In Australia they have an expression, "pissed as a parrot", and if you visit Cedar Creek winery on Tamborine Mountain in Queensland, you will find out why.
Thousands of parrots live there, and many, mostly rainbow lorikeets and king parrots, like to feed on grapes. Some of the fruit ferments on the vine and it goes straight to their heads. "They quite often start fighting each other," says Bridget on the winery's front desk. "That can go on for a while. They squawk and carry on. Crazy behaviour. Then they fall off the vines and go to sleep on the ground." A typical evening out up northern Australia, then? Bridget doesn't comment.
The winery doesn't mind, though, and lets the parrots feed. Generous, but then they're like that. They like nature. They've also tried to help out the local glow-worms. Not to be confused with fireflies, which are beetles, glow-worms are the larvae of gnats, and are found only in Australia and New Zealand. Tourists love them, and have been visiting Mount Tamborine's national park to see them in such vast numbers that the insects got stressed and their colonies shrank. So in 2004 Cedar Creek built a glow-worm cave to divert the tourists. It started with just 100 glow-worms and now has 4,000, making it the largest colony anywhere in the world.
I'm at Cedar Creek courtesy of Araucaria Ecotours, an award-winning Brisbane firm run by Ronda Green, a zoologist, supported by her amiable son Damian, who drives the van. It runs day trips out of Brisbane, plus longer journeys, including a six-day venture into the heart of the outback. The aim is always to keep ecological impact at a minimum. If you've flown to Australia, that's a lot of carbon footprint, so this represents a nice way to keep it down while you're there. The Rainforests, Glow-worms and Wine tour is one of its day trips. We took in the rainforest first with a visit to the Skywalk, a fragile-looking elevated steel walkway that threads through a kilometre of forest canopy on Tamborine Mountain.
On the hour-long walk, Ronda, who is friendly and chatty, proves herself an expert on all things nature-related. "There's no wind in the rainforest, so the trees rely on birds to disperse seeds," she says. And then points out a huge strangler fig, so-called because it grows in a predatory way around and out of the carcass of another tree. The fig sweeps up in such primeval curves it looks as if it were sculpted. So does an artistic wiggly pattern carved in the bark of a tree, which turns out to be the work of a large slug – the red triangle slug, to be precise. Our path is thronged with geckos, dragonflies, butterflies and lacewings. And then is some native ginger. "You can use the roots just like normal ginger," says Ronda. (I begin to feel Ronda could survive quite successfully in the wild.)

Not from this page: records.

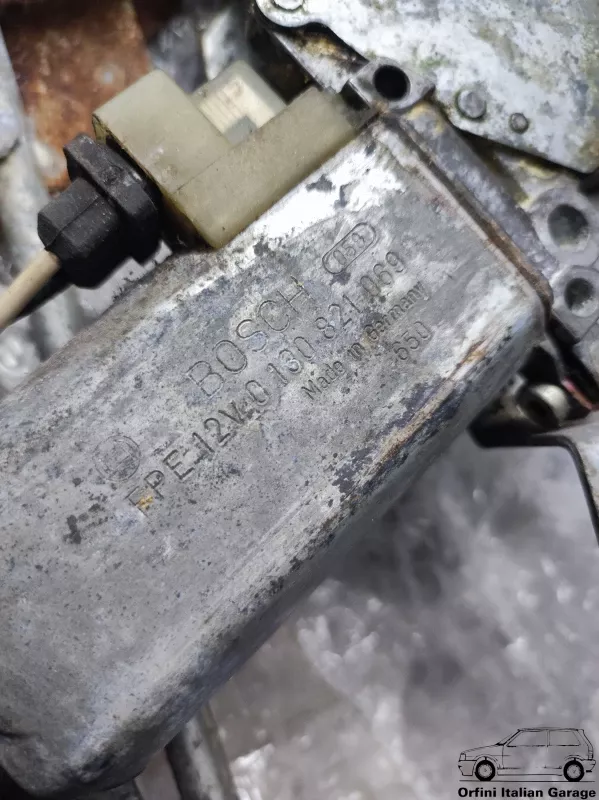12783-7557789-3.webp 7557789 Front Right Electric Window Regulator Motor Fiat Bertone X1/9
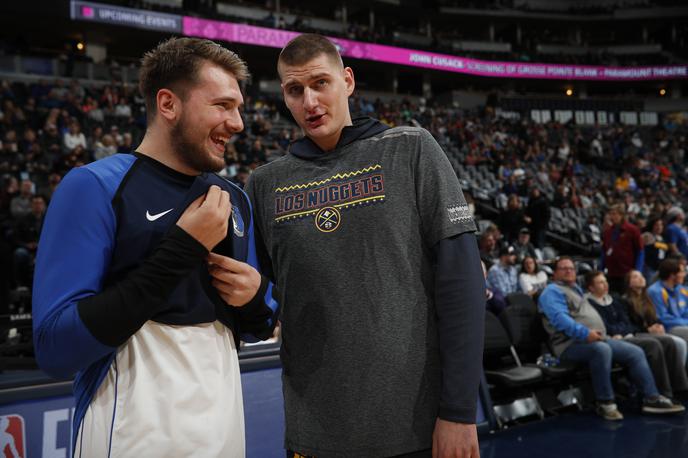 Luka Dončić, Nikola Jokić | V noči na soboto sta se pomerila Luka Dončić in Nikola Jokić, več zadovoljstva pa je imel po koncu dvoboja srbski košarkar, ki je s soigralci zadal Dallasu prvi poraz v sezoni. | Foto Guliverimage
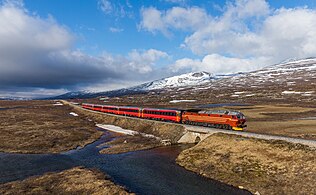 Een trein op de Nordlandlijn met locomotief Norges Statsbaner's Di 4 654. Hij kruist de Saltfjellet. Mei 2018.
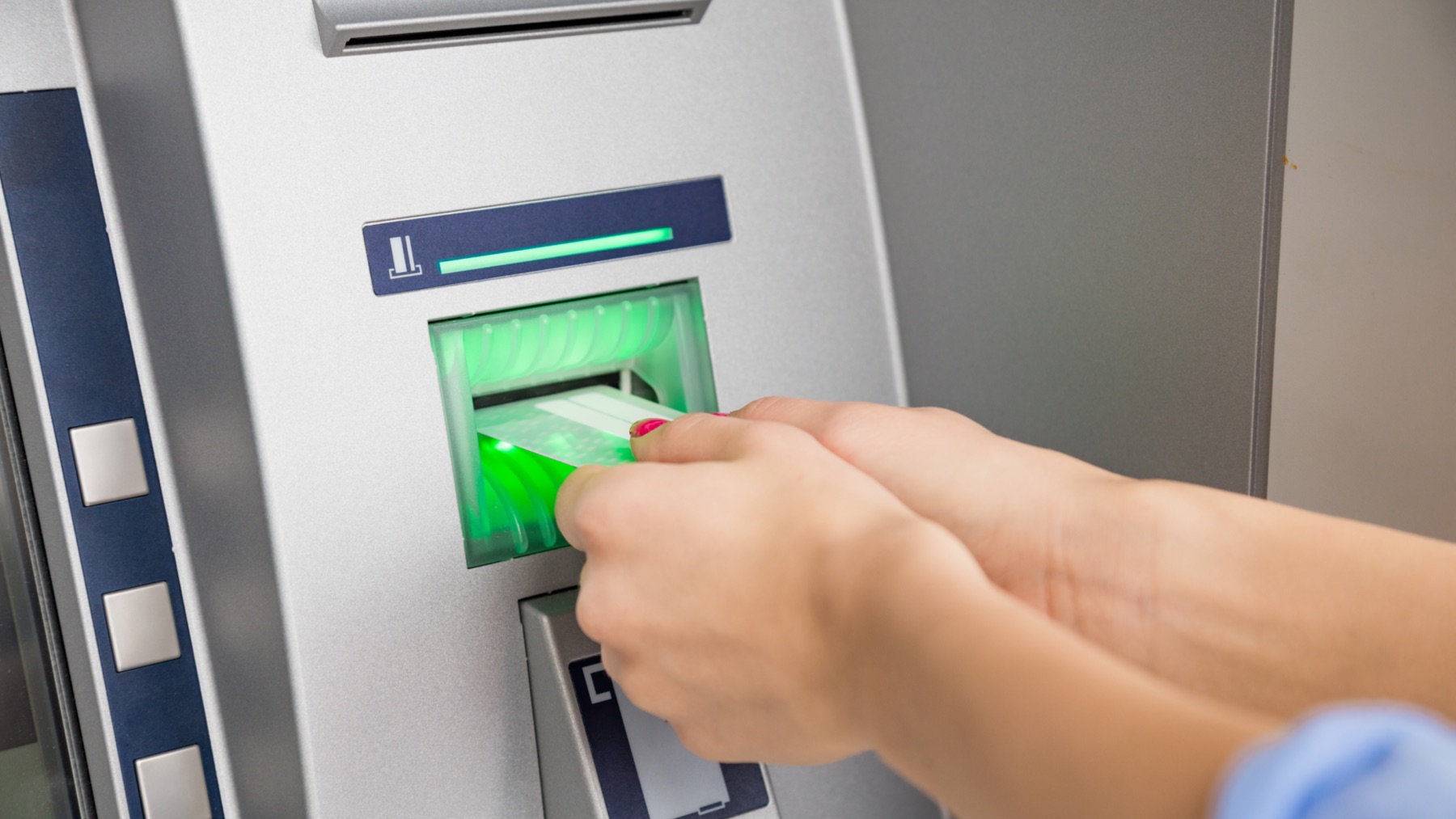 Evita las estafas en los cajeros automaticos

But the headliners of the trip are the glow-worms. Inside their cave it's dark, damp, quiet and eerie. You look up as if at the night sky, studded with thousands of fiery stars, only the stars are insects. They live along the cave walls, close enough to see that each glow-worm reclines behind a curtain of elegant threads, as if it were in a minuscule boudoir. The threads have a purpose: they're sticky and catch prey, insects attracted by the glow-worm's shining rear. The glow has inspired the winery to wax lyrical with a poem: "I wish I was a glow-worm. A glow-worm's never glum 'cos how can you be grumpy when the sun shines out your bum." Well, indeed.

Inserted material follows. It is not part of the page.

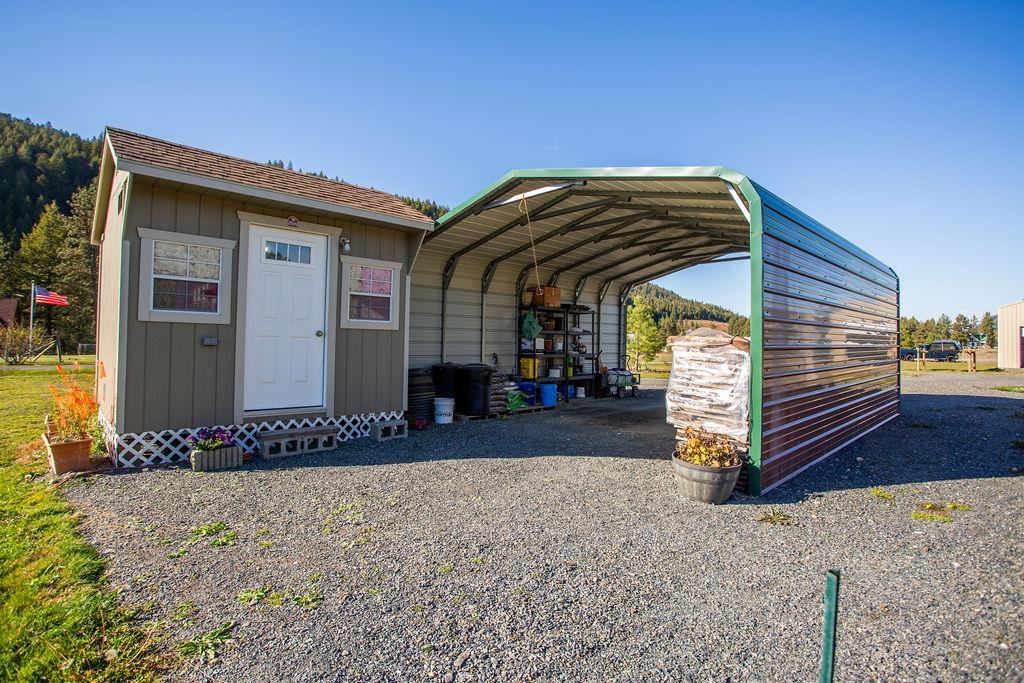 657 H Williams Lake Road Colville, WA 99114 - Photo 26 of 42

Emerging blinking from the cave, our next stop is the winery restaurant, next to a small lake, where we enjoy food, wine and yet more wildlife: slow-moving eastern water dragons sunbathing on the lawn to our left, and flamboyant rainbow lorikeets at the bird-feeders to our right. The lorikeets, which are loud and raucous, are very common in Australia, but no less dazzling for that, their upper bellies a block of flaming orange, their heads and lower bellies sapphire blue, their wings brilliant green, their beaks post-box red. If birds are your thing, this is a good part of Australia to visit: roughly half of all its species have been spotted in south-east Queensland.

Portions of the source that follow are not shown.